SunSolve Internal

Infodoc ID   Synopsis   Date
14133   kernel tips: Is system crash due to hardware or software?   8 Jan 1997

Description Top

Your system crashed.  Is it hardware or software?  Logistics and logfiles
provide the clues.

The circumstances during which (or after which) the system started to crash is
important in determining whether the problem is hardware related.  Hardware
problems tend to be more random, change in frequency, and can start out of 
nowhere.  Software problems tend to be more predictable and methodical.

Errors logged in the /var/adm/messages file, dmesg output, and perhaps other
logfiles as well, help pinpoint what was going on to cause the crash.  Suspect
hardware if hardware errors are seen in the logfiles.

A.	Logistics of hardware failures:

1.	When the system started crashing.

Hardware problems often occur after some trauma to the hardware.  This
includes power failures, hardware modifications, hardware additions, and
improper handling.  A problem that surfaces after no hardware or software
changes is also a good bet to be hardware-related.

a.	It started crashing after power failures.

Power failures and the related power surges that happen when power is
restored can zap hardware.  While it is not likely that new hardware will see
trouble after a power blackout, each time a system is turned on or off wears
it out a little bit.

The stresses on hardware of it cooling down if it is left powered off for a
while, and the stress of it heating up when powered on again, also contribute
to it wearing out.  It is better to leave a system on all of the time than to
turn it on and off.

Older systems are more susceptible to this type of condition being a problem.
This is because older systems have been in use longer, are more worn out, and
are thus weaker.  What a new system might endure easily could be the last
straw for a weaker older system.

b.	The system started crashing after hardware modifications.

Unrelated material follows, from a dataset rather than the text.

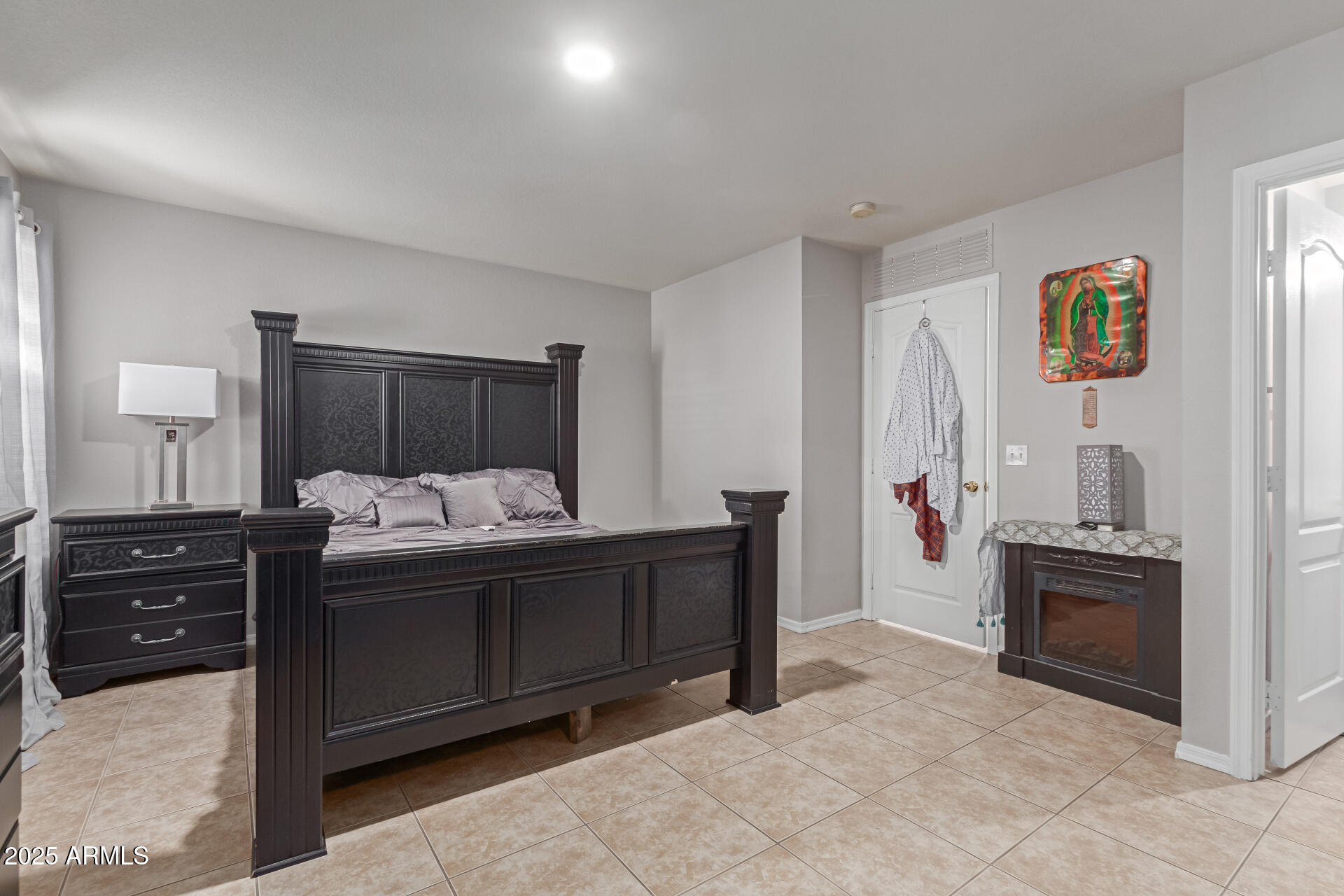 2602 West Roeser Road Phoenix, AZ 85041 - Photo 8 of 16 12 - Roeser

System trouble after modifying hardware is most likely a hardware problem
because it is the hardware that has been changed.  The issue could be
something as simple as an improperly seated board, so try reseating the boards
and cables before doing anything else.  Incompatible hardware could have been
added to the system, rendering the whole system unusable.  Remove all newly
added hardware from the system and restore the old hardware, if possible, to 
see if the problem goes away.

An improperly grounded technician touching the hardware while modifying it
can zap it with static and break it.  This sort of problem might not be as
obvious, though, because the hardware might still function for a while, 
or might die right away, depending on the extent of the damage.

c.	The system started crashing after being dropped.

Suffice it to say that no computer hardware is indestructible.

d.	The system started crashing out of the blue, after not having been
modified at all.  It had been running for a long time before this crash, and
now it crashes frequently.

"Software rot" is not likely on a Unix system.  Chances are good that if a
system starts crashing out of the blue, the problem is that a piece of
hardware wore out.

2.	How the system crashes.

The frequency, consistency and timing of crashes is a telltale sign of whether
the problem is hardware or software related.  Randomness, increasing
frequency, correlation to temperature, or other conditions is a sign of
hardware problems.

a.	The system crashes in random ways.

Sometimes it hangs, sometimes it panics, sometimes the screen goes black;
it's different every time.  When it panics, it panics in different places
with different tracebacks.  (The nature of the panic will probably be a
data fault or some other exception condition, most likely induced by a stuck
bit in the cpu, a bad spot in memory, or other hardware problem.)

b.	The system's crashing more and more frequently with each passing day.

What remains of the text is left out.